§ What you need to do: Both the line containing "Kiss & Tell Midi Dress - Coastal" and the line containing "Hospeco Mediclinics 842mm" belong to the span. Output exactly that span from the listing below, and nothing outside it.

§ Data to process:
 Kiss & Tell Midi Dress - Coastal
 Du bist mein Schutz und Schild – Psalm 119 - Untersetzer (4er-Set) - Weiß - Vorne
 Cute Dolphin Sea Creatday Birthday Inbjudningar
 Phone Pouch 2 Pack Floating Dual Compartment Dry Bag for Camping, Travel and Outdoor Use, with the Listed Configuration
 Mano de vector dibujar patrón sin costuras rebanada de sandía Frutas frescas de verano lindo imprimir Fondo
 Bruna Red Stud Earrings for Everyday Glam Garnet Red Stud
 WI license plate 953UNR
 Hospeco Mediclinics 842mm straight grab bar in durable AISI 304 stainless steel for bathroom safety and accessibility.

* * *

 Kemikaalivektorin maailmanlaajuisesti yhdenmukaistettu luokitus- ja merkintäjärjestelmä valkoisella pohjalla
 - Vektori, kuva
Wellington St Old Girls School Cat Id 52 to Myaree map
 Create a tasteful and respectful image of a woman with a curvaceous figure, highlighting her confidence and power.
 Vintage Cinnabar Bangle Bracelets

§ Written response:
 Kiss & Tell Midi Dress - Coastal
 Du bist mein Schutz und Schild – Psalm 119 - Untersetzer (4er-Set) - Weiß - Vorne
 Cute Dolphin Sea Creatday Birthday Inbjudningar
 Phone Pouch 2 Pack Floating Dual Compartment Dry Bag for Camping, Travel and Outdoor Use, with the Listed Configuration
 Mano de vector dibujar patrón sin costuras rebanada de sandía Frutas frescas de verano lindo imprimir Fondo
 Bruna Red Stud Earrings for Everyday Glam Garnet Red Stud
 WI license plate 953UNR
 Hospeco Mediclinics 842mm straight grab bar in durable AISI 304 stainless steel for bathroom safety and accessibility.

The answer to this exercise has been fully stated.